Exercise aim.
Below are some records. Return exactly their lines from the one containing "Prelungitor cu protectie" through the one containing "Height/Temp. 700 hPa", and drop the pictures.

Source material.

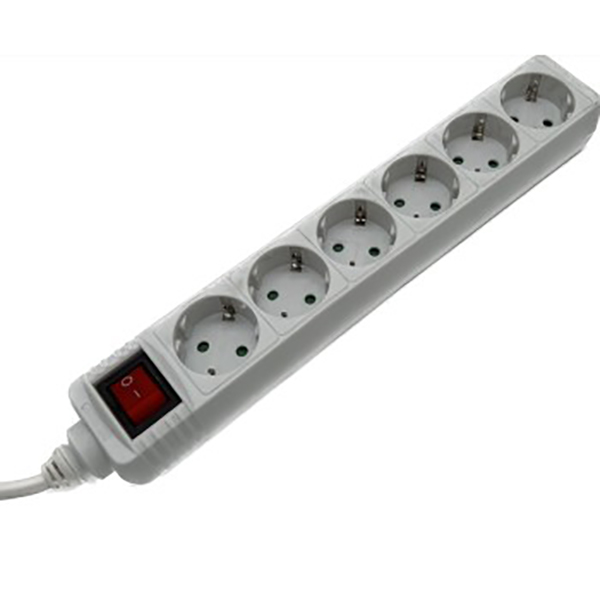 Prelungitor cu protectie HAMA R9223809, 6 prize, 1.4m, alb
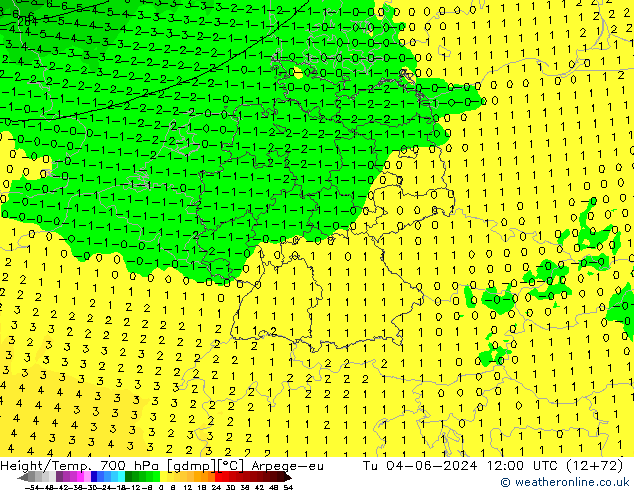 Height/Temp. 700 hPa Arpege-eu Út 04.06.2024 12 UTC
...
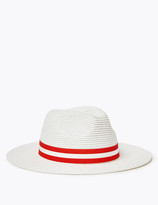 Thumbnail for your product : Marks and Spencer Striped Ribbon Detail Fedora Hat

Answer for the task.
 Prelungitor cu protectie HAMA R9223809, 6 prize, 1.4m, alb
 Height/Temp. 700 hPa Arpege-eu Út 04.06.2024 12 UTC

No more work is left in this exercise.